As portrayed in yet another costume drama from France, Pierre Augustin Caron de Beaumarchais
-- late 18th-century French playwright, wit, magistrate, spy, war merchant -- is less
a scoundrel than he is a troublemaker, stirring up the masses with a revolutionary
fervor avant le déluge. Whether Beaumarchais, the Scoundrel engages in a bit
of revisionist history is something for the scholars to debate; the lofty pedestal
upon which it places its populist title character is surely exaggerated. As a film,
it's merely serviceable, relating the milestones in the seminal period of Beaumarchais'
life prior to the French Revolution as if they were historical hoops through which
to jump. (Of course, that's the paradoxical problem with most movies taken from the
pages of history.
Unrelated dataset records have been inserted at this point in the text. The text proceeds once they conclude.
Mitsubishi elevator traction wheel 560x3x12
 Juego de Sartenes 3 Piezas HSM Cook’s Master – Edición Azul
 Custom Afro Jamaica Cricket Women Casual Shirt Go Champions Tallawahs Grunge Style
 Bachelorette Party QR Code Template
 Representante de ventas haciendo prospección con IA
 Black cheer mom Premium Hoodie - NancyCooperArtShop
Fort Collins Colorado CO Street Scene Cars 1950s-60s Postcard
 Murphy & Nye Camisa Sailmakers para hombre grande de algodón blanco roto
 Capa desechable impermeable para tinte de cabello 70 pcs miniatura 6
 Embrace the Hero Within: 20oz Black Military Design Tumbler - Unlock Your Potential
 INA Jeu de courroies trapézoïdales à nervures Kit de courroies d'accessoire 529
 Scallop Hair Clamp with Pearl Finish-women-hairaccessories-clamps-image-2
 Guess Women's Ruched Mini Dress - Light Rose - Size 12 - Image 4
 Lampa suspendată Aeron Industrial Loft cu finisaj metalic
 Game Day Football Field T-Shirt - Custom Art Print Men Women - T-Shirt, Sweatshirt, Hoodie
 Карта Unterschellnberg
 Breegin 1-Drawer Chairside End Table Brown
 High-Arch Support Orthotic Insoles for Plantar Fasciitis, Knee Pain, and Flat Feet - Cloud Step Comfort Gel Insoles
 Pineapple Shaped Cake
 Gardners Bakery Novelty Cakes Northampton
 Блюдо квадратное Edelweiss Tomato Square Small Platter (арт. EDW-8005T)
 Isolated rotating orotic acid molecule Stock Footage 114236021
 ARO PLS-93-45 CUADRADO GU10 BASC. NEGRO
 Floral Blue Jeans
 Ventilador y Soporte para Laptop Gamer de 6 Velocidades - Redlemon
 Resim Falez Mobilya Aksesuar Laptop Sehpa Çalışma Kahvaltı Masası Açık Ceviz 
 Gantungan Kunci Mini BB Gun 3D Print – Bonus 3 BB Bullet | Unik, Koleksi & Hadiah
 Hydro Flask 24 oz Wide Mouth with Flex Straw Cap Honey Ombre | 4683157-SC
They relate events as discrete chapters, with rarely a unifying
thread, because to do otherwise might be intellectually compromising, although artistically
satisfying.) That is not to say, however, that the film doesn't illuminate Beaumarchais
as an interesting historical and cultural footnote; his greatest accomplishments
were penning the social satires, The Marriage of Figaro and The Barber of Seville,
both of which found even greater resonance as operas, and -- according to the film,
mind you -- he is almost single-handedly responsible for arming the American colonists
in the early days of the Revolutionary War. In the title role, Luchini plays the
part with a knowing, charismatic mischief that often comes across as Gallic smugness,
as if to say: "It's a French thing, you wouldn't understand." (One wonders how an
actor with more gravity, such as Depardieu, would have handled the character.) Still,
Luchini's presence thankfully keeps the movie from becoming too self-reverential,
even when he must utter dialogue bordering on the pretentious. In the end, the rather
workmanlike Beaumarchais, the Scoundrel doesn't do justice to the spirit of its provocateur.
Rather than provoke the status quo, it unwittingly preserves it, just one more historical
drama seemingly dominated by clothes and sets, rather than three-dimensional people.